Opinion
CIVIL NO. L-07-2927, CRIM. NO. L-05-0570.
April 22, 2010
MEMORANDUM
Now pending is pro se petitioner Lamont Jones's motion for relief pursuant to 28 U.S.C. § 2255 (Paper No. 28). Because the facts and legal arguments are adequately set forth in the existing record, an evidentiary hearing is not necessary. See United States v. Yearwood, 863 F.2d 6, 7 (4th Cir. 1988) (recognizing that "[a] hearing is not required . . . on a § 2255 motion if the record of the case conclusively shows that petitioner is entitled to no relief").
For the reasons set forth below, the Court will, by separate Order of even date DISMISS Jones's motion without prejudice; VACATE Jones's judgment of conviction; ENTER a new judgment from which an appeal can be taken; and APPOINT counsel for Jones for the purpose of noting an appeal. The Clerk is DIRECTED to CLOSE the case.
I. Background
On January 5, 2006, Jones was charged in a 9 count superseding indictment. On June 19, 2006, Jones pled guilty to Count One of the indictment, conspiracy to distribute and possess with intent to distribute over one kilogram of heroin in violation of 21 U.S.C. § 846. In his plea agreement, Jones agreed that the government would adduce evidence at trial that he took part in a drug organization that sold heroin at street level in Baltimore.
On October 2, 2006, Jones moved to withdraw his guilty plea, arguing, among other things, that he was actually innocent. The Court rejected this motion and on November 15, 2006, sentenced Jones to 156 months incarceration. Jones filed no appeal.

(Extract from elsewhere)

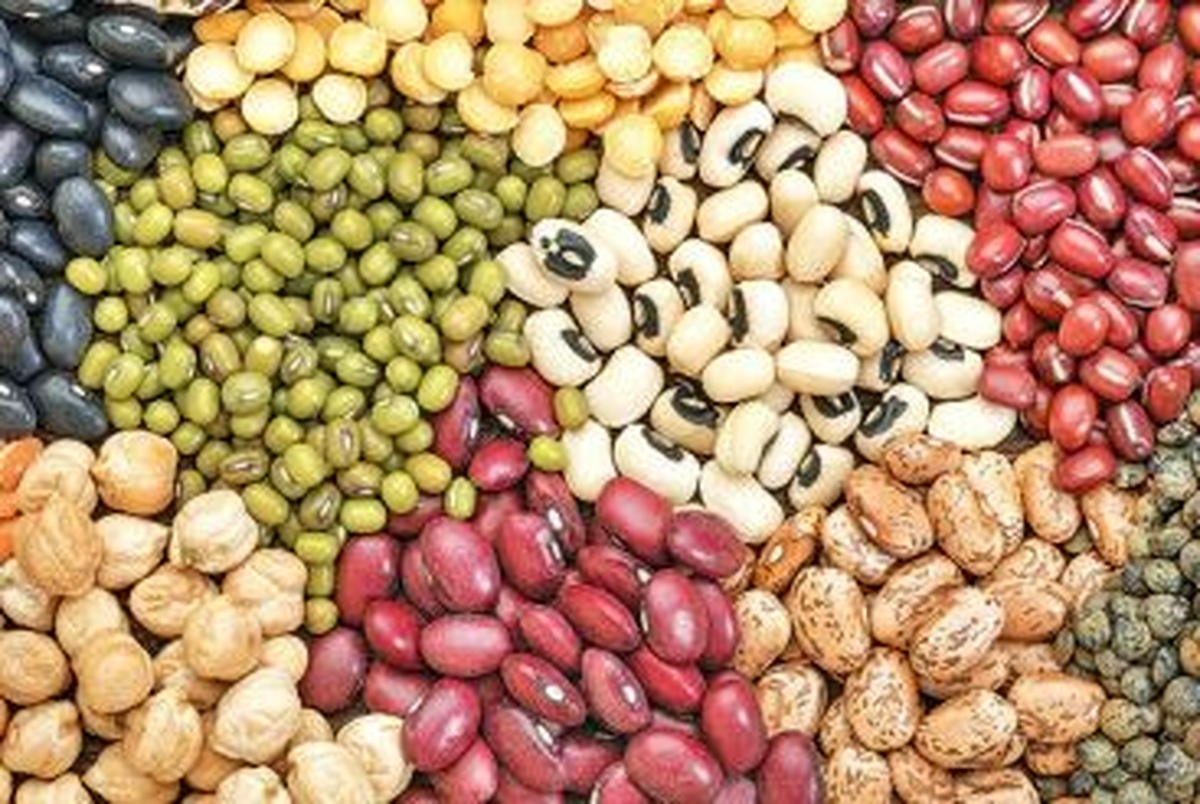 افزایش ۱۲ درصدی تولید حبوبات در چهارمحال و بختیاری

On October 29, 2007, Jones filed the instant motion to vacate his sentence. Jones argues, among other things, that his counsel, Mr. Kenneth Ravenell, Esq., was ineffective for failing to appeal the Court's denial of his motion to withdraw the guilty plea.
The Government filed its response on February 12, 2008. Jones never filed a reply. A reply is not necessary to decide this motion, however.
II. Discussion
Jones has procedurally defaulted his claims because he did not appeal his sentence. Thus, to collaterally attack his sentence, Jones must show both cause for and actual prejudice from the default. See Murray v. Carrier, 477 U.S. 478 (1986). Ineffective assistance of counsel is cause for a procedural default. Id. at 488. To show cause, Jones alleges that his counsel failed to take an appeal after Jones requested that he do so. See Paper No. 28, p. 6. In the Fourth Circuit, a criminal defense attorney's "failure to file a notice of appeal when requested by his client deprives the defendant of his Sixth Amendment right to the assistance of counsel, notwithstanding that the lost appeal may not have had a reasonable probability of success." United States v. Peak, 992 F.2d 39, 42 (4th Cir. 1993).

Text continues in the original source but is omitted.